╔══

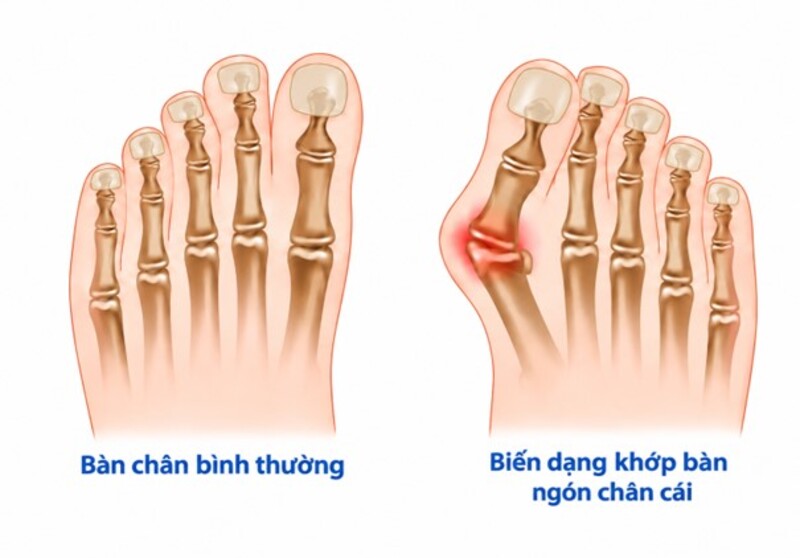 Bệnh viện đa khoa tỉnh Phú Thọ 13 veo ngon chan 1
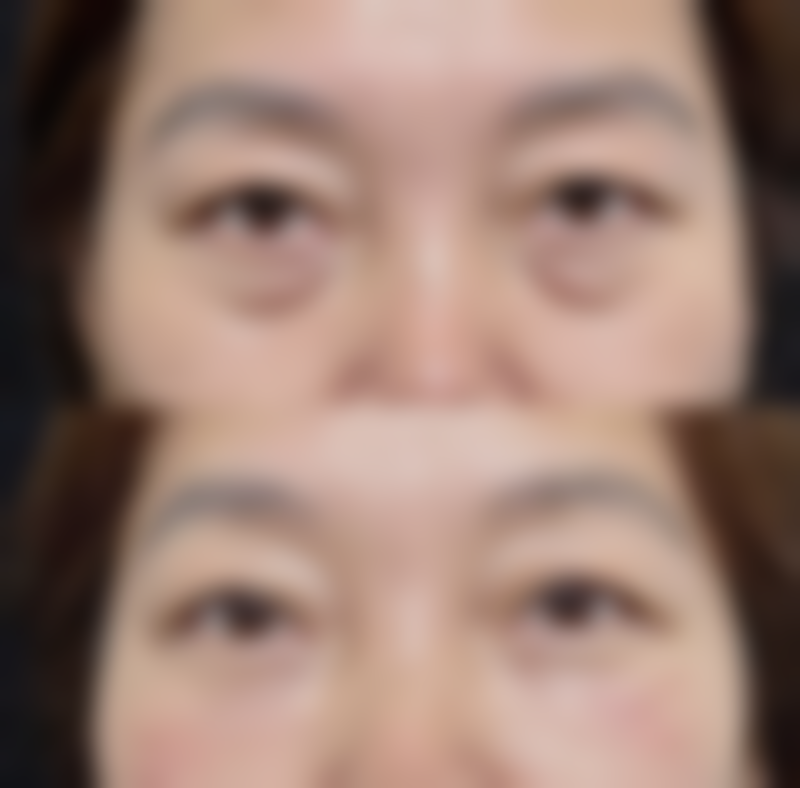 四、不同后遗症的修复周期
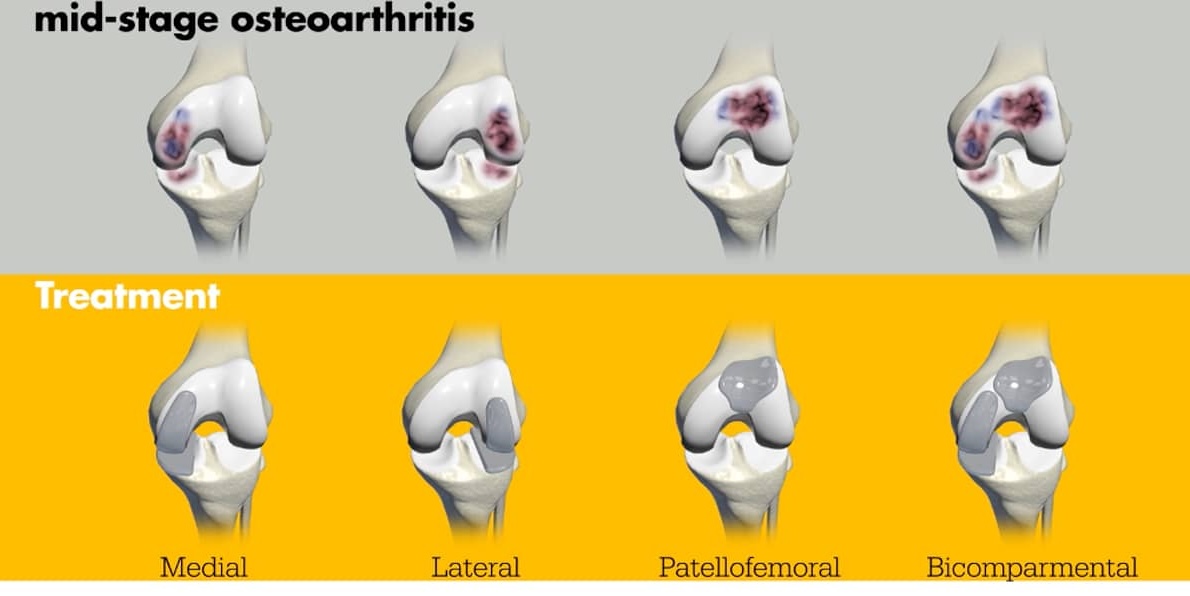 MAKO Robotic Partial Knee Replacement Types Illustration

╚══

• **Exercise prompt**
Here the lines from the one with "四、不同后遗症的修复周期" through the last line of the data above need to be repeated exactly, both included, and any picture omitted.

• **Result for this exercise**
 四、不同后遗症的修复周期
 MAKO Robotic Partial Knee Replacement Types Illustration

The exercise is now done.